P.59. Annual business survey, number of firms across the economy sampled is very small - another issue that really needs to be discussed. There are two sectors in the Annual Business Survey and short and long forms of questionnaires. For the Production and construction sectors 6,415 firms do the long form and 10,340 the short form. About three times those numbers do the Services sector surveys. While this minimises the “burden on respondents” and cuts costs “the fact that the sample is only made up of a small proportion of businesses means that it lacks sufficient granularity if the sample needs to be stratified finely by size, industry or region.”

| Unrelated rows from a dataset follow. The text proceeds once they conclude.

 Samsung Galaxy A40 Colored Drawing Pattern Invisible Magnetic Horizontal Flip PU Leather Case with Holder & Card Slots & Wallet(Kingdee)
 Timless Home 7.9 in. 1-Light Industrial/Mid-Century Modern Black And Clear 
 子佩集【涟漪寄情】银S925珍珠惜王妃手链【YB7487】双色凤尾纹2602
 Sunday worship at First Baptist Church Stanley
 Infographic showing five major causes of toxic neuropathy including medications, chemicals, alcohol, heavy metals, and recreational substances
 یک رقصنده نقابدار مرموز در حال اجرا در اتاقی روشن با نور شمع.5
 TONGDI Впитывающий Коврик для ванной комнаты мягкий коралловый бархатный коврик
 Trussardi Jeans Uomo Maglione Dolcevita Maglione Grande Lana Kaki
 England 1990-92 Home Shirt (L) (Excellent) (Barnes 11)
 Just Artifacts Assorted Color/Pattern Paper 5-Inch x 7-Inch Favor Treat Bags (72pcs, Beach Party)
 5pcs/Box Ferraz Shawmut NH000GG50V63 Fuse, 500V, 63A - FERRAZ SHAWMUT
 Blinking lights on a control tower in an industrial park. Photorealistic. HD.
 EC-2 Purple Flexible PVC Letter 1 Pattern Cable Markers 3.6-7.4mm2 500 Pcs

And finally, with the important bit last, Interim Strategic Recommendation 4: Address established statistical limitations:
  • Addressing existing shortcomings in the production of National Accounts, including the absence of double deflated volume measures;
  • Using administrative data sources to improve early estimates of GDP, including by making greater use of information from the expenditure and income measures;
  • Producing detailed Flow of Fund statistics that meet user needs in terms of breadth and detail;
  • Improving the measurement of the service sector, including developing more detailed deflators and volume indices to reflect the service sector better;
  • Exploring how the use of administrative data might help meet the diverse and granular needs of users of regional statistics; and
  • Implementing sufficient improvements to the UK Trade, Construction and CPIH statistics to warrant their re-designation as National Statistics.

Given the problems the ONS has had the review is timely. The recommendations are all good and most would not be too expensive, an important consideration with the tight (and tightening) budget the ONS has. The move to big data and use of data science is clearly the path forward, and may yet surprise us with the outcome.

Whether it will improve the quality of construction stats it is hard to say, there are no specific measures discussed and the relevant recommendations are too broad to give an indication of how the ONS might proceed. There is work going on within the ONS, like the current review of building and construction price indices, however in the report’s extended discussion on deflators and the necessity of moving to double deflation generally (planned for 2020, maybe), construction input price indices do not get a mention.

It is unfortunate that an industry accounting for nearly 7 percent of GDP directly through on-site work, and that much again in supply of materials, components and services, does not warrant more attention. This is not a new phenomena, but unfortunate nonetheless.